→ **GIVEN DATA**:
------------------------

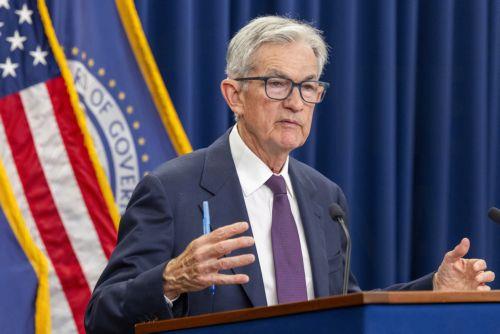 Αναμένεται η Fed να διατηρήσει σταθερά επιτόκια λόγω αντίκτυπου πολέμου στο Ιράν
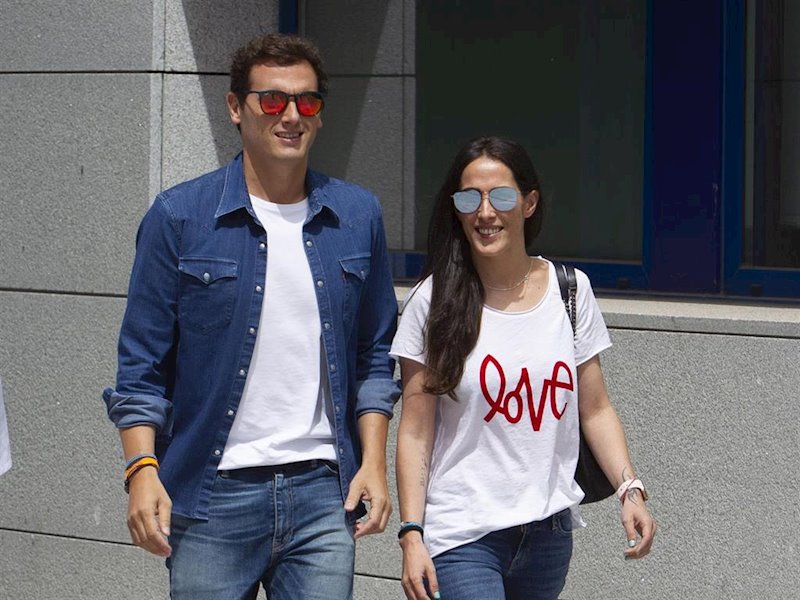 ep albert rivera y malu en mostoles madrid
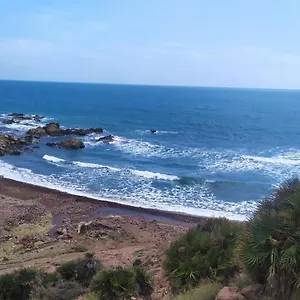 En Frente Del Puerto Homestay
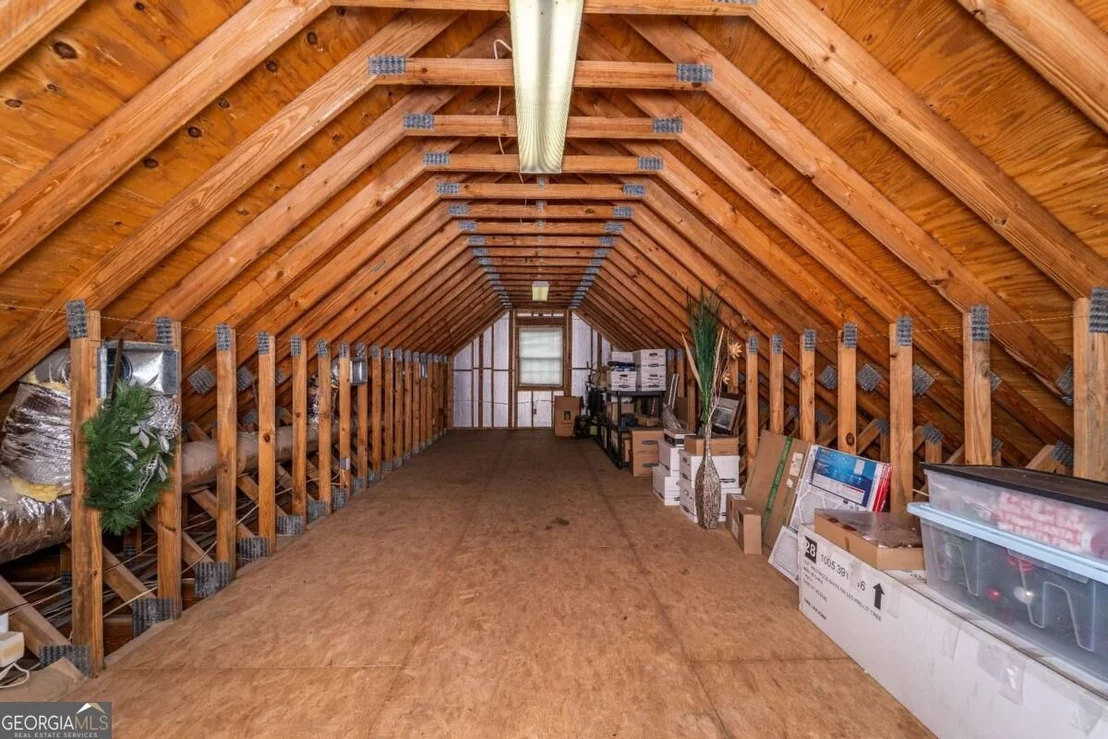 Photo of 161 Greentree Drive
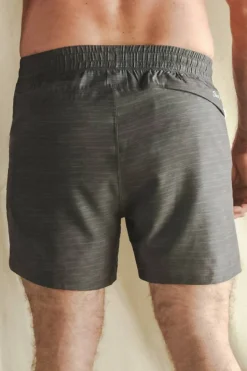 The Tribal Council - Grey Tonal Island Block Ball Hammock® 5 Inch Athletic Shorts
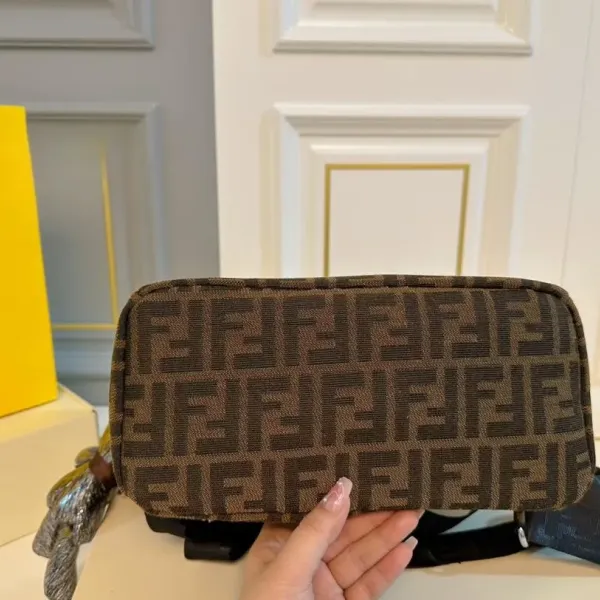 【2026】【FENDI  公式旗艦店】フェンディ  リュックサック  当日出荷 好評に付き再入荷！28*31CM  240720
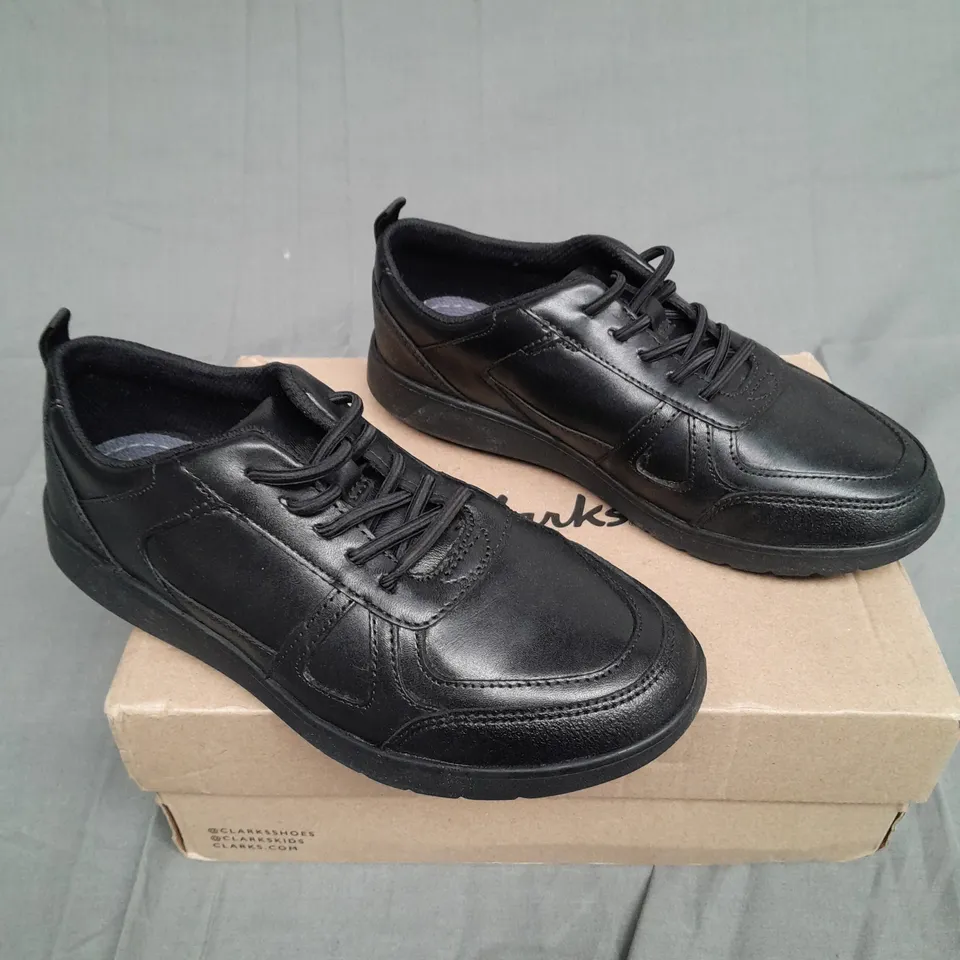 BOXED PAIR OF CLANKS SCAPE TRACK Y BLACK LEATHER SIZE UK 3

------------------------

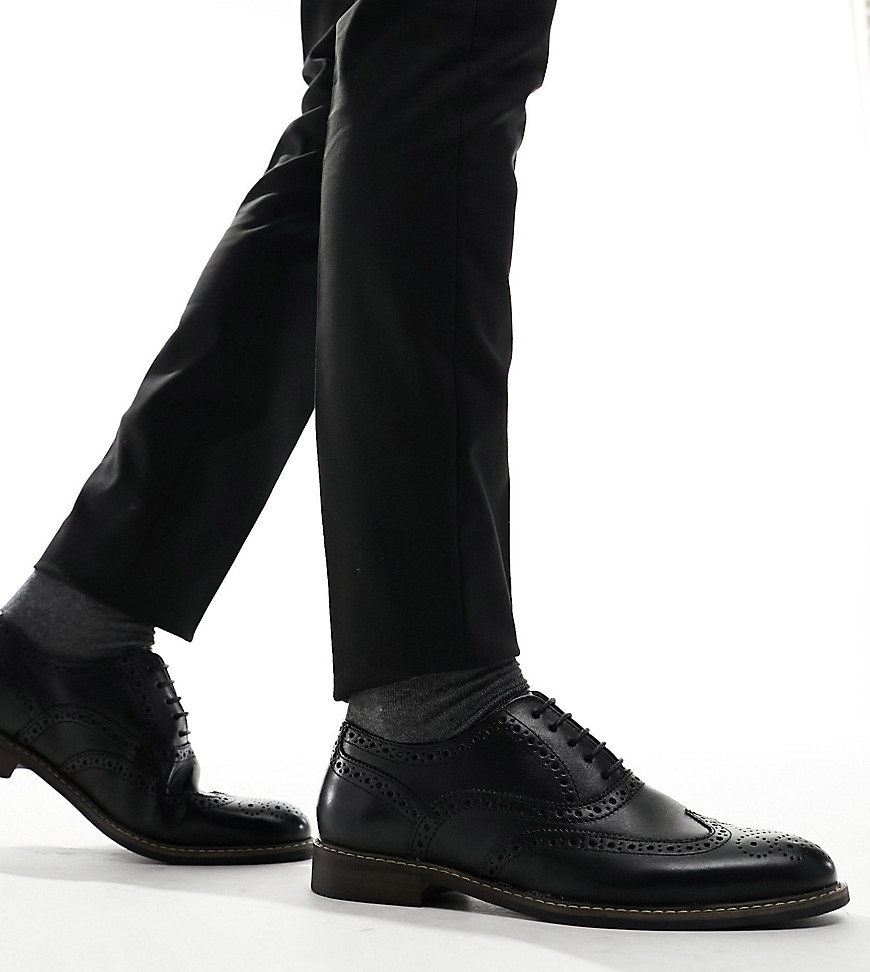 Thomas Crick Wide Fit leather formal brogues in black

------------------------

→ **TO DO**: Given the listing above, retype only the span of lines from the line with "Αναμένεται η Fed" up to and including the line with "BOXED PAIR OF", exactly as it stands and without pictures.

→ **REPLY TO THE EXERCISE**:
 Αναμένεται η Fed να διατηρήσει σταθερά επιτόκια λόγω αντίκτυπου πολέμου στο Ιράν
 ep albert rivera y malu en mostoles madrid
 En Frente Del Puerto Homestay
 Photo of 161 Greentree Drive
 The Tribal Council - Grey Tonal Island Block Ball Hammock® 5 Inch Athletic Shorts
 【2026】【FENDI  公式旗艦店】フェンディ  リュックサック  当日出荷 好評に付き再入荷！28*31CM  240720
 BOXED PAIR OF CLANKS SCAPE TRACK Y BLACK LEATHER SIZE UK 3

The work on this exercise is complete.